• What you should do:
Transcribe, starting at the line with "New 2026 Ford Expedition Active image 59" and ending at the line with "Trabajos de Nivelación", every line of the material below exactly, but leave out the pictures and anything outside that span.

• Provided data:
■ ■ ■ ■ ■
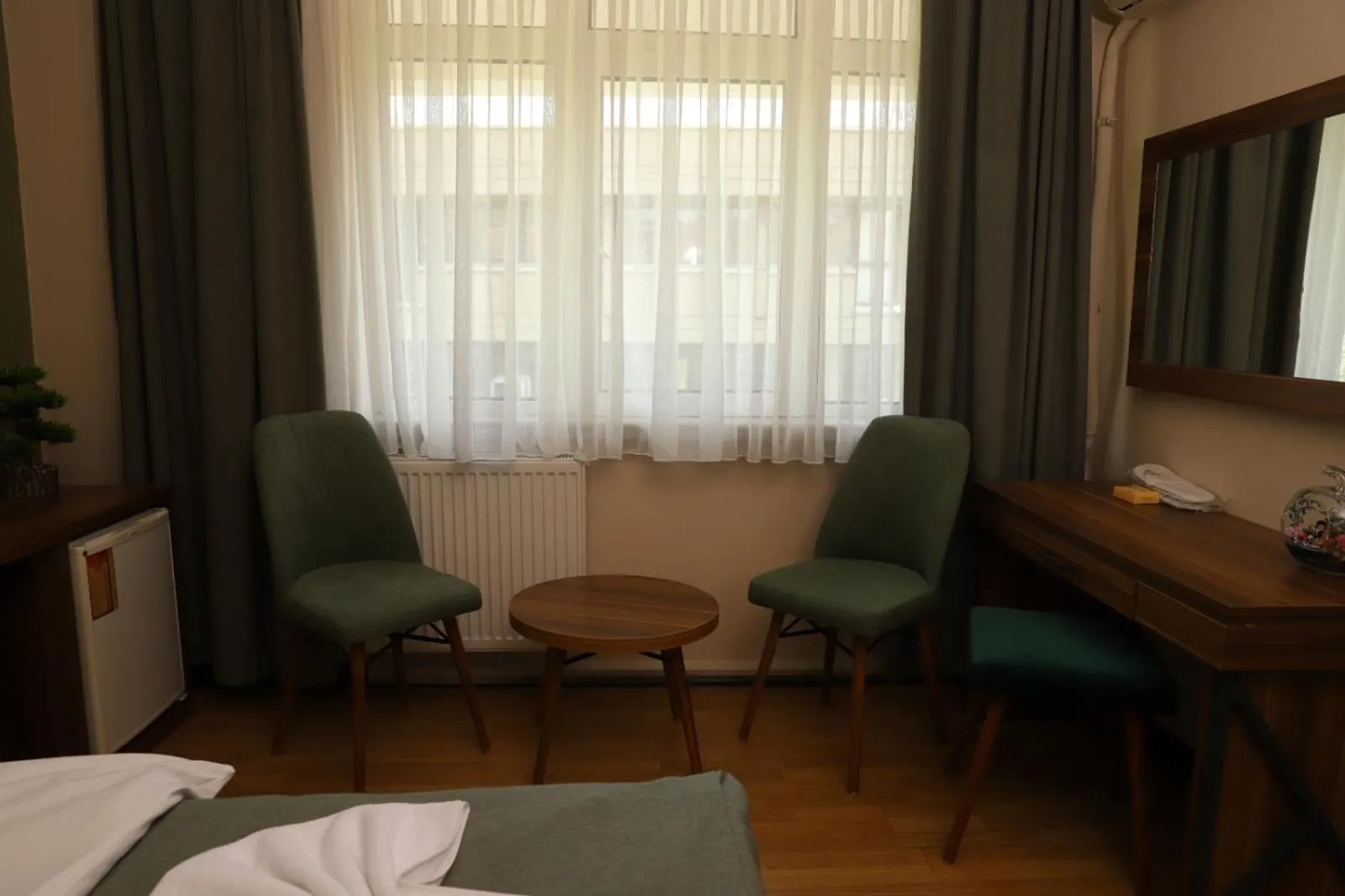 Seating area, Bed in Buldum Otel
■ ■ ■ ■ ■
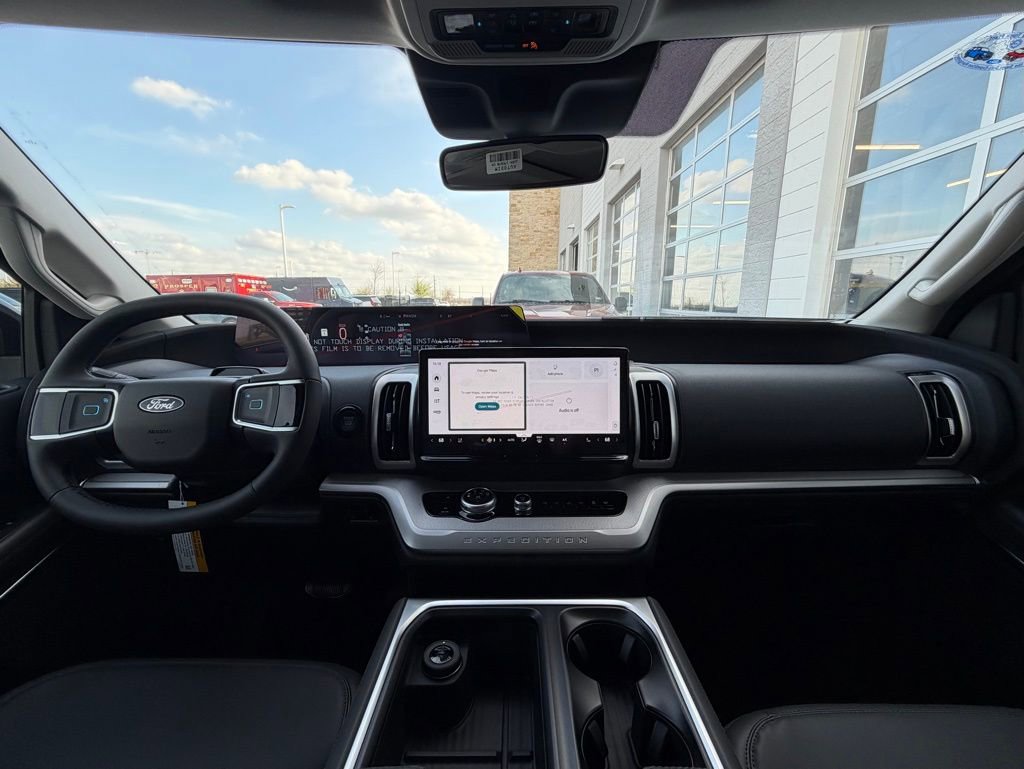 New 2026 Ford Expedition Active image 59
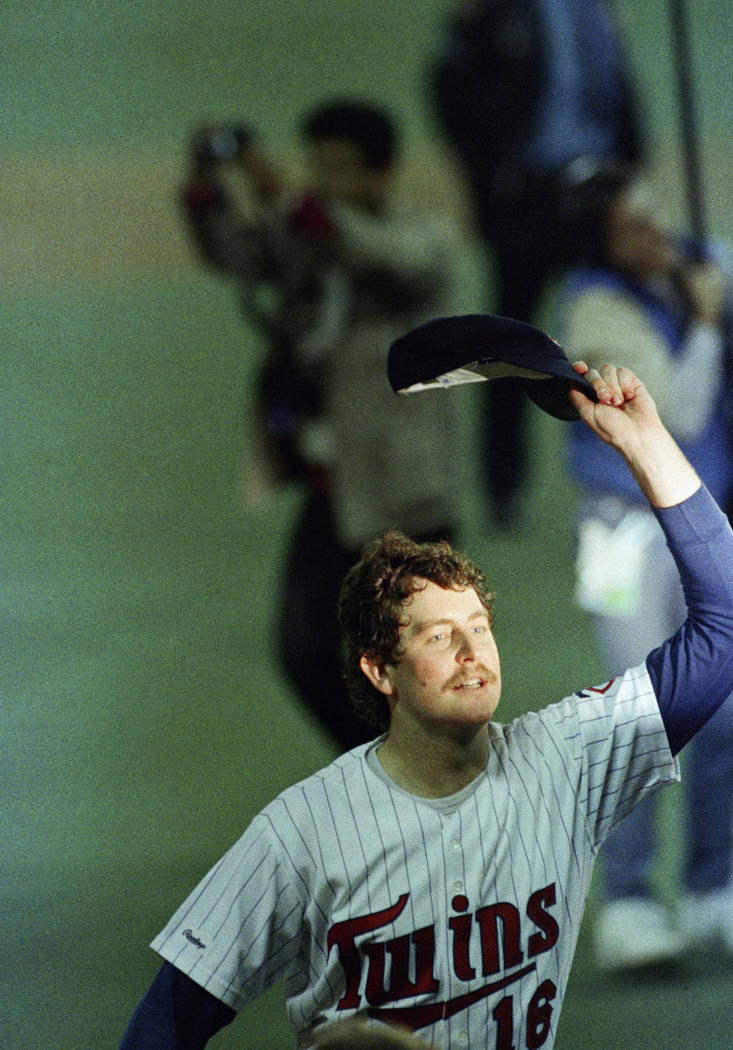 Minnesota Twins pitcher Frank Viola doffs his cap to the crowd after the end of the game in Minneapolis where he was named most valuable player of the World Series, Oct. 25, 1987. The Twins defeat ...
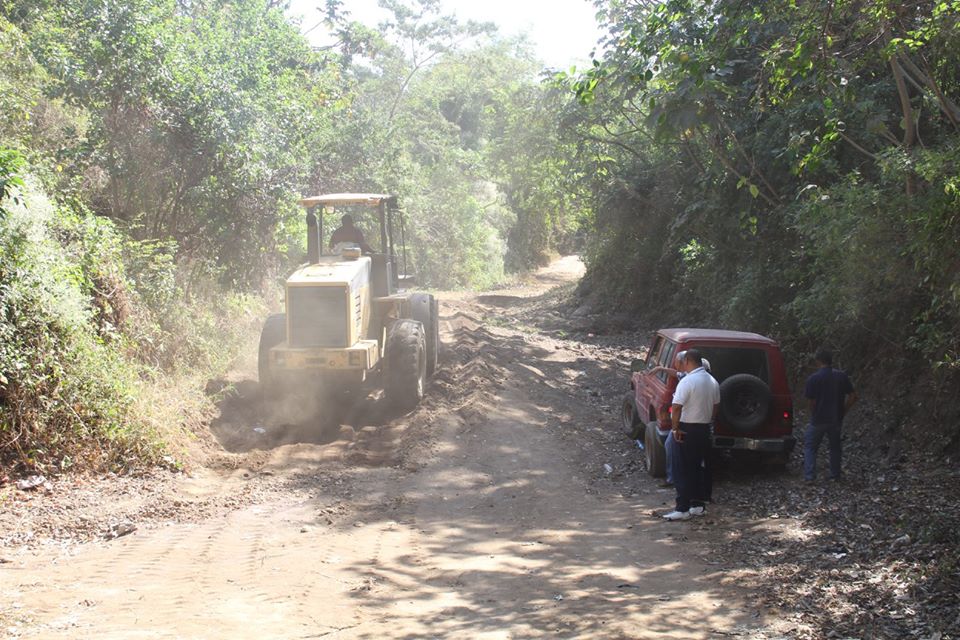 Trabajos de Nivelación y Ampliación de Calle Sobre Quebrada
■ ■ ■ ■ ■
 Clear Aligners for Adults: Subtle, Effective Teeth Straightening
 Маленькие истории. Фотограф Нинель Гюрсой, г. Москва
■ ■ ■ ■ ■
• Final answer:
 New 2026 Ford Expedition Active image 59
 Minnesota Twins pitcher Frank Viola doffs his cap to the crowd after the end of the game in Minneapolis where he was named most valuable player of the World Series, Oct. 25, 1987. The Twins defeat ...
 Trabajos de Nivelación y Ampliación de Calle Sobre Quebrada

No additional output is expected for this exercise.